Die älteren Jahrgänge unter den Lesern werden sich, ebenso wie ich, daran erinnern, wie einfach doch das Leben war, bevor uns dieses Monstergebilde einer Europäischen Union aufgezwungen wurde. Und welche Normen wird man noch alle erfinden, um unser Leben zu verkomplizieren? Ob der ganze Zirkus den neu erschaffenen Beamtenposten dient, den Konzernen und Banken, die aus der EU Profit schlagen, oder beidem, kann ich selbst nicht beurteilen.
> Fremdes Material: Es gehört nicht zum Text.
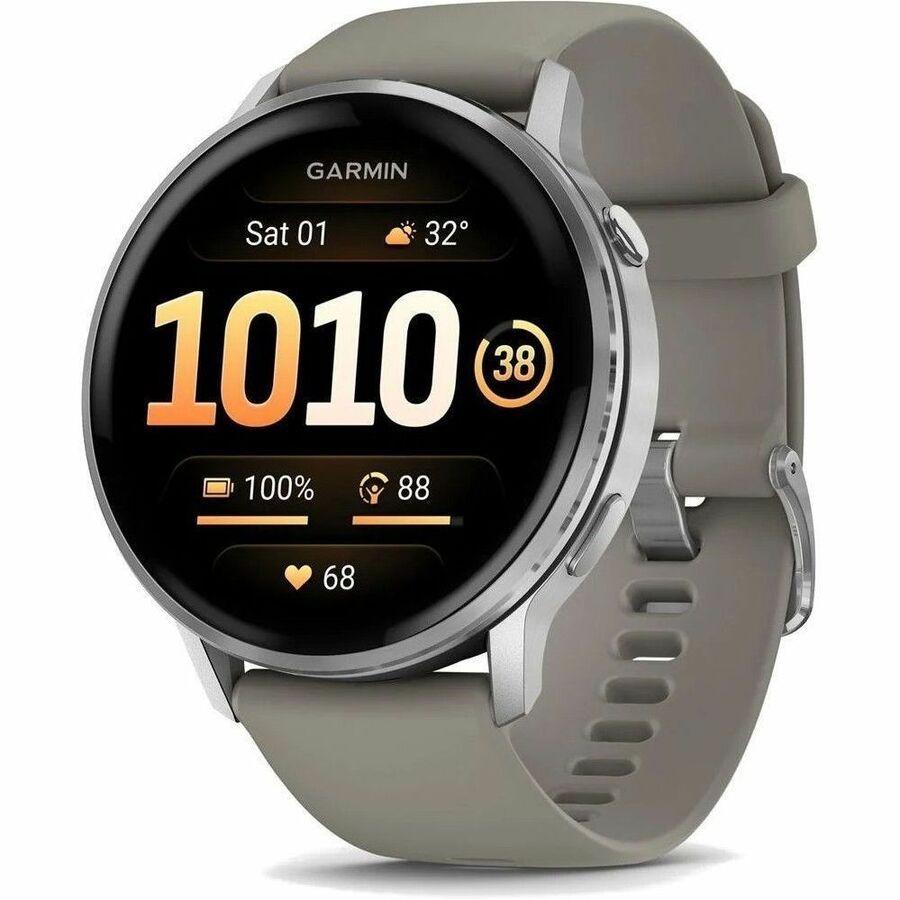 Garmin Venu 4 - 45 mm Silver with Silver Gray Silicone Band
Ich weiß nur, dass sich unser aller Lebensqualität regelmäßig verschlechtert.
Mit welchen Worten begann Blaise Pascal einst ein Schreiben? „Bitte entschuldigen Sie den langen Brief, ich hatte keine Zeit, einen kurzen zu schreiben!“ Also, warum einfach, wenn’s auch kompliziert geht!?
Doch insbesondere in Krisenzeiten sollten wir uns die alte Volksweisheit ins Gedächtnis rufen, sollten die EU-Bürokraten so oft es nur geht daran erinnern: Zu viele Köche verderben den Brei! Die Richtigkeit dieser Binsenweisheit wird in Brüssel regelmäßig und nachhaltig unter Beweis gestellt.